Criador, deus da chuva e da fertilidade; entre os Massai, dual como deus negro e benevolente e deus vermelho e colérico.
Oração e sacrifício de animais com o olhar dirigido ao Monte Quénia, tradicionalmente sob figueiras sagradas mũgumo e realizados por anciãos; sem sistema sacerdotal-templário.
Deuses supremos africanos como as formas Mulungu do espaço bantu; o motivo da residência montanhosa assemelha-se tipologicamente ao Olimpo.
Ngai, em maa Engai ou Enkai, no âmbito Meru e Kamba Múrungu: já os nomes revelam uma rede de tradições aparentadas. O epíteto Kikuyu Mwene-Nyaga, Senhor do Brilho, está associado a Kĩrĩnyaga, o Monte Quénia, o que possui brilho, devido aos cumes cobertos de neve. Em maa, Enkai é também a palavra para céu e chuva.
A referência clássica é Facing Mount Kenya de Jomo Kenyatta, de 1938, a primeira etnografia académica de um Kikuyu sobre o seu próprio povo. Os Kikuyu rezam voltados para o Monte Quénia, considerado a residência de descanso de Ngai; os Massai veneram o Ol Doinyo Lengai, o monte de Deus no norte da Tanzânia, como residência.
O nome do país Quénia deriva provavelmente do nome do monte, embora os pormenores dessa derivação sejam controversos. Ngai e Facing Mount Kenya são centrais para a identidade nacional queniana; atualmente, Ngai é também usado em contextos sincréticos cristãos como tradução para Deus.
No âmbito das ciências da religião, Ngai está muito bem documentado, principalmente por Kenyatta. Esclarecimentos importantes: Ngai não é um espírito da montanha, mas um deus supremo transcendente, o monte é a sua sede e a direção do olhar, não a sua forma; e o Ngai Kikuyu do Monte Quénia e o Enkai Massai do Ol Doinyo Lengai são tradições aparentadas, mas não idênticas, cada uma com a sua própria expressão.

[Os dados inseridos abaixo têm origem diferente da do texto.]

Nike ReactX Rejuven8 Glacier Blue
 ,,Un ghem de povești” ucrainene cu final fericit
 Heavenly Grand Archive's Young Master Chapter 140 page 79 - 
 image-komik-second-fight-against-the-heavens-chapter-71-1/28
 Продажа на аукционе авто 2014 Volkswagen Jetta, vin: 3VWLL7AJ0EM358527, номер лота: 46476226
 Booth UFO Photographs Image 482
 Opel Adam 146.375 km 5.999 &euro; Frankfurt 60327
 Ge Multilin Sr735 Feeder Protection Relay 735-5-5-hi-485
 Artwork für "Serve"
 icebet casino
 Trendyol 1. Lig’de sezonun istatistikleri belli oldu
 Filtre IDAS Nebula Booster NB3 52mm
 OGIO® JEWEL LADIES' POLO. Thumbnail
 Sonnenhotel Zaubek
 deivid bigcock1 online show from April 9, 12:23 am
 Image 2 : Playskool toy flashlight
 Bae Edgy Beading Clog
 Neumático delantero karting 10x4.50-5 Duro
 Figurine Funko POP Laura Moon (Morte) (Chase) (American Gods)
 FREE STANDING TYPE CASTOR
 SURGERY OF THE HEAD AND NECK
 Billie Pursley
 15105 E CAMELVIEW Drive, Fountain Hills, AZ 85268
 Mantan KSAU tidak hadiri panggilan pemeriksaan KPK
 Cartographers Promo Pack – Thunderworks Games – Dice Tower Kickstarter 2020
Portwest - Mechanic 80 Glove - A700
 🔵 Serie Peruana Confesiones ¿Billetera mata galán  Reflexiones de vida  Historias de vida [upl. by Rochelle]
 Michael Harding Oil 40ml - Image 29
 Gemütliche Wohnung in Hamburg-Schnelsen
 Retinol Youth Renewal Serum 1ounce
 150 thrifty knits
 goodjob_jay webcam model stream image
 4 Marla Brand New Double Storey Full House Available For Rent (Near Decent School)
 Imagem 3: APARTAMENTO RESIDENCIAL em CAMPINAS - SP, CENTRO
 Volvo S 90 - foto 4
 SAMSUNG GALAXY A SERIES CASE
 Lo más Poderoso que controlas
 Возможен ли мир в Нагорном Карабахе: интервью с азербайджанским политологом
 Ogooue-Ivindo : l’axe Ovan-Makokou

Os Kikuyu rezam e fazem oferendas com o olhar dirigido ao Monte Quénia, considerado a residência de descanso de Ngai; orações e sacrifícios de animais são tradicionalmente realizados sob figueiras sagradas mũgumo, muitas vezes por anciãos. Os Massai veneram o Ol Doinyo Lengai, o monte de Deus no norte da Tanzânia, como residência. Não existe um sistema sacerdotal-templário, mas sim um ritual conduzido por anciãos e famílias.
Ngai é um deus supremo celeste clássico de cariz Africano Oriental, ligado a um monte sagrado, comparável a outros deuses supremos africanos como as formas Mulungu do espaço bantu, com as quais Múrungu está relacionado. O motivo da residência montanhosa assemelha-se tipologicamente ao Olimpo, a residência dos deuses em torno de Zeus; entre os poderes montanhosos de outras tradições, oferece-se ainda o tibetano Machen Pomra para comparação.
Quem é Ngai?
O deus supremo dos Kikuyu e Massai, criador e deus da chuva, com sede no Monte Quénia.
Ngai é um espírito da montanha?
Não. É um deus supremo transcendente; o monte é a sua sede e a direção do olhar da oração.
O Ngai Kikuyu e o Enkai Massai são a mesma entidade?
São tradições aparentadas, mas não idênticas, cada uma com a sua própria expressão.
Ligações internas recomendadas:
Mais obras de referência no índice bibliográfico.
Como deus supremo dos Kikuyu e deus do Monte Quénia, Ngai une transcendência e ligação a um lugar: atua em todos os lugares, mas a oração dirige-se ao cume brilhante do seu monte.